Continuing to share my progress as I work through Jesús Martín’s VUI Challenge

I’ve got company!

My friend Maaike Groenewegge suggested we synchronise our blogs. We’re going to release our independent designs for the same challenge together — this should mean that anyone who’s interested can compare our approaches and glean more insights (not least the two of us). I’m game!

Here’s Maaike’s.

There’s some other designers who showed interest so my plan is to collect them all together in a list.

This time we’re focusing on VUI Challenge 010.

Challenge 010 — Info details and SSML

(Exactly as received in Jesús’ email)

The challenge

Create an interaction where you inform customers about the address and telephone of a restaurant called Lion’s House (you can change the name if you want). You can decide to use a single or multi turn experience. Play special attention to SSML tags where needed.

Jesús’ Tip

Are you familiar with the term cognitive load? Our brains are incredibly limited and there’s always a limited amount of information we can handle. For this challenge, think about what your users want to achieve and share the information so it is easier for them to be successful.

My notes on the challenge

  1. This challenge could make me think “I’ll just write any old prompt and then try to use SSML to tidy it up.” I’m wary of that. SSML can improve how writing is expressed but it can’t fix a poorly worded prompt. The wording and the markups need to work together.
  2. I want to lay some groundwork first before I can get a feel for the SSML challenge. Context is everything so I need to (at least) have a feel for the experience the utterance would be written for. I’ll write a few turns between user and bot to lead me into the main focus: the bot sharing contact details with the user
  3. Although I’ll aim to ‘lead in’ to the challenge with some context first, my focus is purely on the task at hand — making sure the SSML supports the user’s cognition of the info details. In other words, the bot needs to speak to be understood!
  4. I have to juggle various considerations:
  • the overall design
  • the context of the conversation
  • whether address and phone number should be shared together in one utterance (my gut feeling is that could be too much —immediately after hearing a phone number I’ll struggle to remember all of it unless I write it down straight away, so there’s no way I’ll remember an address too)
  • or if the address can be shared in a shortened form (street+number+postcode) or using a service like What3Words which would allow the user to ask for more if they need it (city, region, etc) — but that only works if the bot is 100% confident they know where the user is before sharing the information, if they use other services like What3Words and so on…

Here’s my rough plan:

  1. Demo the interaction up to the utterance where the voice assistant shares ‘contact’ info for the restaurant
  2. Scrub up the contacts info utterance
  3. Apply SSML to improve it further

My Design Process

Setting the context

As said above — this is just to lead me in. I’m not aiming to make this perfect. It’s purely to give me a feel for the challenge, and is un-scrubbed DEMO content:

[User is in Birmingham, England and the voice assistant knows their exact home address from previously shared data]

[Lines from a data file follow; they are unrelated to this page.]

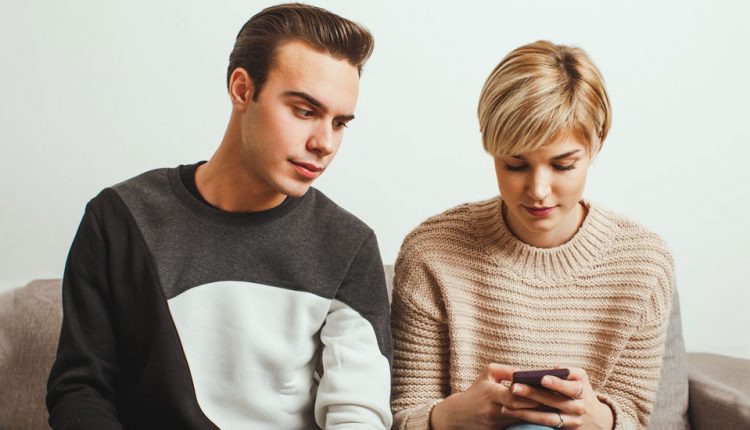 چگونه با همسران شکاک رفتار کنیم؟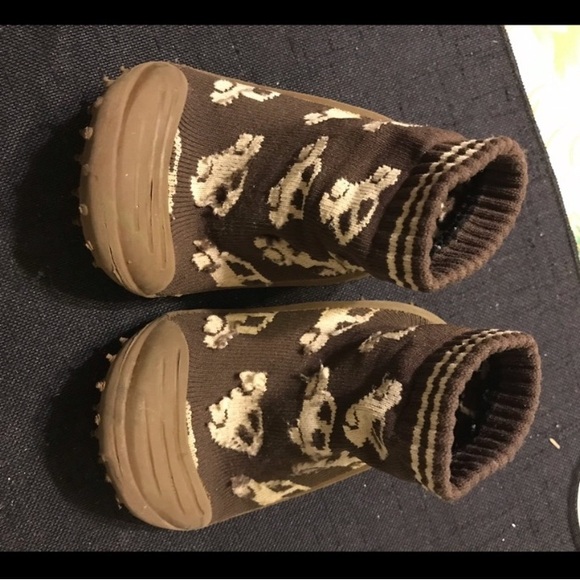2 pairs of Toddler slip on shoes - Picture 4 of 4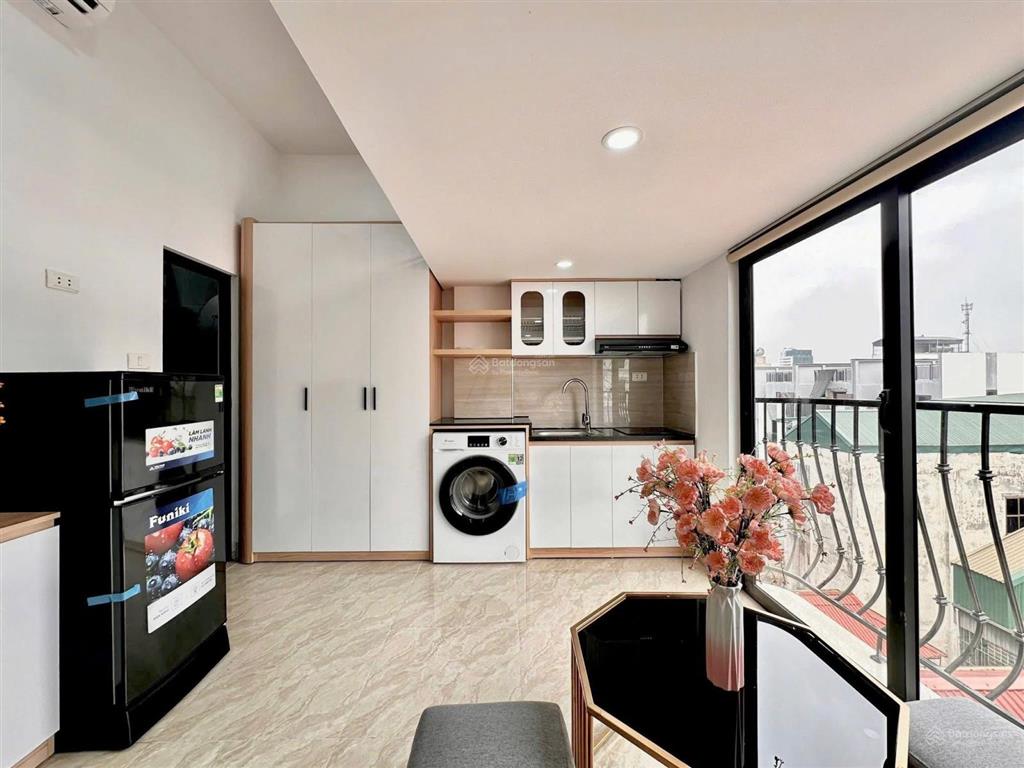 Căn hộ duplex ban công đường 3/2, gần vạn hạnh mall, tiện di chuyển quận 1, quận 3, quận 5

USER: [to themself] I want a steak pie… [out loud] Hey Alexa, where near me can I get English pub food?

ALEXA: I’ve found the three nearest restaurants serving English pub food; would you like to hear distance from your home, their user ratings or their accessibility options?

USER: Tell me their ratings

ALEXA: Lion’s House has the highest user rating of 4.8, Red Lion has 4.7 and Three Lions has 4.3. Which would you choose?

USER: Lion’s House

ALEXA: Lion’s House address is 38 Kingston Drive, Birmingham. Their telephone number is 0121 496 0999. Would you like to hear that again or have it sent to your phone?

So near yet so far... At least I have a feel for the interaction. Now I’ll focus on the last Alexa utterance and scrub it up.

The Challenge — scrubbing the utterance

Here’s the utterance I wrote:

ALEXA: Lion’s House address is 38 Kingston Drive, Birmingham. Their telephone number is 0121 496 0999. Would you like to hear that again or have it sent to your phone?

(Notes:

  1. This would be a very short challenge if I just assumed that every user will request to have it sent to their phone, but that’s cheating! Some users will want to understand it the first time they hear it without relying on multi-modality
  2. It seems odd to me to give the user BOTH the address and the phone number at the same time. Who needs that? Those are separate pieces of information and I can’t think when anyone would use both at the same time? We’re used to seeing them together on a ‘contacts’ page but that’s a different form of information architecture. This is about what’s best for speech…
  3. A user may need both the address and phone number, but at different times — perhaps needing the phone number immediately to make a reservation, and then needing the address later to find the restaurant
  4. Alexa can become a telephone because it uses speech as the input and audio as the output. Why not connect the user directly without sharing the phone number? Alexa supports making phone calls. That would speed up the interaction — Alexa could call the restaurant instantly and thereby connect the user — no need for an ugly old phone number…)

Instead, it could be (2nd attempt):

Lion’s house is 0.2 miles away. Would you like to call them now and receive the address on your phone?

(Notes:

That feels pretty streamlined to me. The user gets confirmation that the restaurant is close, they get the chance to call now and receive the address for later. It makes a lot of assumptions though — it leads the user towards an outcome that I think they want.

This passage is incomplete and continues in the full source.